Web page caption snippets:
--------------------------------

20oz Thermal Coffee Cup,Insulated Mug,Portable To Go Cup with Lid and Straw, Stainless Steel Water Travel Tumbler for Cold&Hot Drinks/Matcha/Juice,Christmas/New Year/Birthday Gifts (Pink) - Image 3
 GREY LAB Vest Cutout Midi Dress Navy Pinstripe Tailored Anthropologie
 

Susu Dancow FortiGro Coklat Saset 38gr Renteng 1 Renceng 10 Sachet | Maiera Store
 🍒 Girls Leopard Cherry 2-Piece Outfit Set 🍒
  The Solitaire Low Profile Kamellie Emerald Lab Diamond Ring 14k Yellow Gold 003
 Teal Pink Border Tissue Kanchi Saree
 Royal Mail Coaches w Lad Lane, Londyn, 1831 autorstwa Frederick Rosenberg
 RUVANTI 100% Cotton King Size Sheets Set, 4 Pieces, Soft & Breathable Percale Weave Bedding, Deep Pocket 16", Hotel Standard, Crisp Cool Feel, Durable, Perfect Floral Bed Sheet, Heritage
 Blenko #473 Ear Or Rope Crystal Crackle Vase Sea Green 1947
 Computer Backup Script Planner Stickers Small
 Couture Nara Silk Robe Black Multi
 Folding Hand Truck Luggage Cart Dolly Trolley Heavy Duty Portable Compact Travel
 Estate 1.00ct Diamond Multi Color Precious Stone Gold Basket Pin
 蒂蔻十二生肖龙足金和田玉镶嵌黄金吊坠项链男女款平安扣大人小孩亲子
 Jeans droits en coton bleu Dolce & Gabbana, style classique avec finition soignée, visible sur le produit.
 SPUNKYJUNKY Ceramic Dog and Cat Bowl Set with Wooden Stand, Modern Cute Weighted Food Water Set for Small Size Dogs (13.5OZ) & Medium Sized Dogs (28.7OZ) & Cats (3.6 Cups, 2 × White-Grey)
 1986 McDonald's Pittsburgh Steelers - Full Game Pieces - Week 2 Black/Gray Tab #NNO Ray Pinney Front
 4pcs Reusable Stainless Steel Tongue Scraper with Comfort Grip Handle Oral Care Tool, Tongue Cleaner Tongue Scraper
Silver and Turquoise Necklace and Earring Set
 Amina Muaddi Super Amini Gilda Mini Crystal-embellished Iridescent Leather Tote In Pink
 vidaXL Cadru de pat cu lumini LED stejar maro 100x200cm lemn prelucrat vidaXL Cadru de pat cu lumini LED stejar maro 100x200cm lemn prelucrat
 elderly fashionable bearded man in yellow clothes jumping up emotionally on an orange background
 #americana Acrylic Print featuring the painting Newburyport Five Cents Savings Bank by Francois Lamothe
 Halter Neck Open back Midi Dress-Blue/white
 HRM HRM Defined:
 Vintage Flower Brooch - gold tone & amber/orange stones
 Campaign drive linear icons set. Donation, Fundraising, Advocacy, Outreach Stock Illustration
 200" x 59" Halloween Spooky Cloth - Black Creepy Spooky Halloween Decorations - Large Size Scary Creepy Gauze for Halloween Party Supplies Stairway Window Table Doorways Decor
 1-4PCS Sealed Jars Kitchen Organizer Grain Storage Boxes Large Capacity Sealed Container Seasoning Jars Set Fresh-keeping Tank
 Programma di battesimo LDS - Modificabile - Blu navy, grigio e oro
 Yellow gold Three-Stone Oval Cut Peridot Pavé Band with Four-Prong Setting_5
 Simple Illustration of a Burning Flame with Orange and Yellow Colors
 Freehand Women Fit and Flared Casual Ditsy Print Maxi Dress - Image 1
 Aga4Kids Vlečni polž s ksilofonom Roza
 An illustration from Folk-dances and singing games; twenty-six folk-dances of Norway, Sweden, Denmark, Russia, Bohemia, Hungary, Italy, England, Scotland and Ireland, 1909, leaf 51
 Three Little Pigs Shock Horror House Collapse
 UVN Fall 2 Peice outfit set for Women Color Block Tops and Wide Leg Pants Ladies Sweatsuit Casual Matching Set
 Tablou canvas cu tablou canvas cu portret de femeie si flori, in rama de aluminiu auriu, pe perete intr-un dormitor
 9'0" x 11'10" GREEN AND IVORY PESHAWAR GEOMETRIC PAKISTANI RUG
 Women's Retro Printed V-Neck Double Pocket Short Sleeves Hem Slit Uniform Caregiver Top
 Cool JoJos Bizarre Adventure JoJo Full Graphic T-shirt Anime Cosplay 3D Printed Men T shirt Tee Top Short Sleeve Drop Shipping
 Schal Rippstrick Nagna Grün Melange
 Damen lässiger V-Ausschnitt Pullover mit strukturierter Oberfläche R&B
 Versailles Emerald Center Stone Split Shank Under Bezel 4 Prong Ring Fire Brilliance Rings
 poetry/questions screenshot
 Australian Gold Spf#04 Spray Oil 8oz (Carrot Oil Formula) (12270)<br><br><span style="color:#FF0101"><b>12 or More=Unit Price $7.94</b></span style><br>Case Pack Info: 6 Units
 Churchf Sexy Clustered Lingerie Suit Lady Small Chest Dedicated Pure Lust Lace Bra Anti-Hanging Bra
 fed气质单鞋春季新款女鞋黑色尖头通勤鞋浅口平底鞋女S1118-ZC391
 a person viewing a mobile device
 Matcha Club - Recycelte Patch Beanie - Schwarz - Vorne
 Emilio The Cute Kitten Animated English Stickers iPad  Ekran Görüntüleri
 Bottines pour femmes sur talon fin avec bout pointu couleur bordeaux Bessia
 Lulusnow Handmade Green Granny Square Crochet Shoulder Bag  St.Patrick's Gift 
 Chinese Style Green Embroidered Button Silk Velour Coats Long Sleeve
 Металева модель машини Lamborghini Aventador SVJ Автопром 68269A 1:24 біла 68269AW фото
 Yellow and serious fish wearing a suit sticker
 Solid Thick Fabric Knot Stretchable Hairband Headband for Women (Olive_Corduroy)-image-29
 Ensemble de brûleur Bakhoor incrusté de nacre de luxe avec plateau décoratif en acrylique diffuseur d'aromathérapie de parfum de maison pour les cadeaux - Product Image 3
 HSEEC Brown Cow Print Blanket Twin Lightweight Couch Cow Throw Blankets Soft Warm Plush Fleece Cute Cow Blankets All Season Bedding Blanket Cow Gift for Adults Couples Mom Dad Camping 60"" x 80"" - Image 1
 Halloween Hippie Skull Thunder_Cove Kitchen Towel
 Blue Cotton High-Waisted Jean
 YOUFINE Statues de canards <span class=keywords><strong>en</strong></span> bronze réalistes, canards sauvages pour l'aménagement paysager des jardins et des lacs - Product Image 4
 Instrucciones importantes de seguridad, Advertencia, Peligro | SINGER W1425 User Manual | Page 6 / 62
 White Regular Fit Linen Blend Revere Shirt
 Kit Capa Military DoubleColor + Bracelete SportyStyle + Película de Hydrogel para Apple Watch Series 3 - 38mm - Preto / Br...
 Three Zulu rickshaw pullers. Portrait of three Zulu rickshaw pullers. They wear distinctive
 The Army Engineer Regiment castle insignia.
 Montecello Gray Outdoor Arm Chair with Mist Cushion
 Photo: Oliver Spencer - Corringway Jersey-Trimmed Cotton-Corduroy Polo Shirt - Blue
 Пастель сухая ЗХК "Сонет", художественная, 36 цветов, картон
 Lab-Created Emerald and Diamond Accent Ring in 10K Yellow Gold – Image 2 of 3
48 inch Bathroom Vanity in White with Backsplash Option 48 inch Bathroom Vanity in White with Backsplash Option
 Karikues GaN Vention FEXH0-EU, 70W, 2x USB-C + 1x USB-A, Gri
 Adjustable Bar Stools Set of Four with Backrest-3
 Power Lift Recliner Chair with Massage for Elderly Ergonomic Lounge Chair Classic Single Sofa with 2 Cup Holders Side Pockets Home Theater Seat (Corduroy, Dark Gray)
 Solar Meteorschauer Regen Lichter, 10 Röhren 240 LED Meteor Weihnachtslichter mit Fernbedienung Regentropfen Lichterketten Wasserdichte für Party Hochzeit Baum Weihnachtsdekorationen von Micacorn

--------------------------------

Problem:
Look back at the entries above. Retype the line with "Blenko #473 Ear", the line with "elderly fashionable bearded", and all lines in between.

Exercise output:
 Blenko #473 Ear Or Rope Crystal Crackle Vase Sea Green 1947
 Computer Backup Script Planner Stickers Small
 Couture Nara Silk Robe Black Multi
 Folding Hand Truck Luggage Cart Dolly Trolley Heavy Duty Portable Compact Travel
 Estate 1.00ct Diamond Multi Color Precious Stone Gold Basket Pin
 蒂蔻十二生肖龙足金和田玉镶嵌黄金吊坠项链男女款平安扣大人小孩亲子
 Jeans droits en coton bleu Dolce & Gabbana, style classique avec finition soignée, visible sur le produit.
 SPUNKYJUNKY Ceramic Dog and Cat Bowl Set with Wooden Stand, Modern Cute Weighted Food Water Set for Small Size Dogs (13.5OZ) & Medium Sized Dogs (28.7OZ) & Cats (3.6 Cups, 2 × White-Grey)
 1986 McDonald's Pittsburgh Steelers - Full Game Pieces - Week 2 Black/Gray Tab #NNO Ray Pinney Front
 4pcs Reusable Stainless Steel Tongue Scraper with Comfort Grip Handle Oral Care Tool, Tongue Cleaner Tongue Scraper
Silver and Turquoise Necklace and Earring Set
 Amina Muaddi Super Amini Gilda Mini Crystal-embellished Iridescent Leather Tote In Pink
 vidaXL Cadru de pat cu lumini LED stejar maro 100x200cm lemn prelucrat vidaXL Cadru de pat cu lumini LED stejar maro 100x200cm lemn prelucrat
 elderly fashionable bearded man in yellow clothes jumping up emotionally on an orange background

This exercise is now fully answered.